ABOUT THIS TASK: Please copy each line of the data that includes the string "suporte".

DATA SECTION:
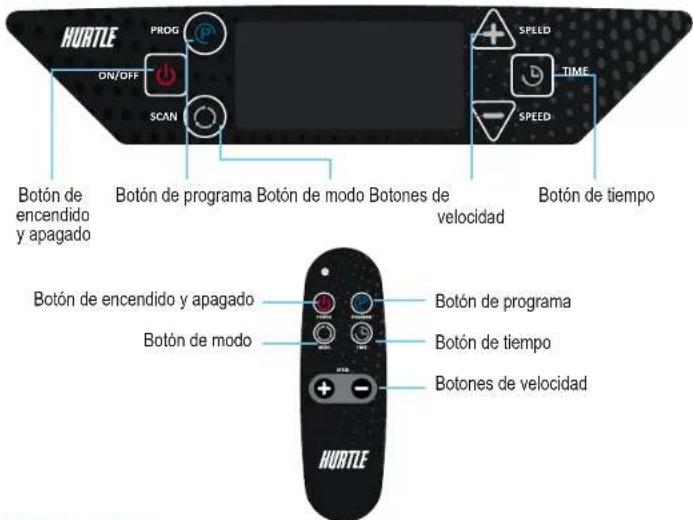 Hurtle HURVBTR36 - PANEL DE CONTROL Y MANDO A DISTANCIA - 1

--

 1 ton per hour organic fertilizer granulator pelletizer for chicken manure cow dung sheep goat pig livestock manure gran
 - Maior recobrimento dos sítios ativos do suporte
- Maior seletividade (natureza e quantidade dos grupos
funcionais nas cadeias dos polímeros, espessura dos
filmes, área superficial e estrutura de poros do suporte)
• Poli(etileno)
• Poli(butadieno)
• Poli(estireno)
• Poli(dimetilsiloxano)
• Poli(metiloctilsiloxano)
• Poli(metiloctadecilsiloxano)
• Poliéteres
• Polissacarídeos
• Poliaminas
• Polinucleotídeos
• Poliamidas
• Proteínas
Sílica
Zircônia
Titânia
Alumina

RESULT:
 - Maior recobrimento dos sítios ativos do suporte
filmes, área superficial e estrutura de poros do suporte)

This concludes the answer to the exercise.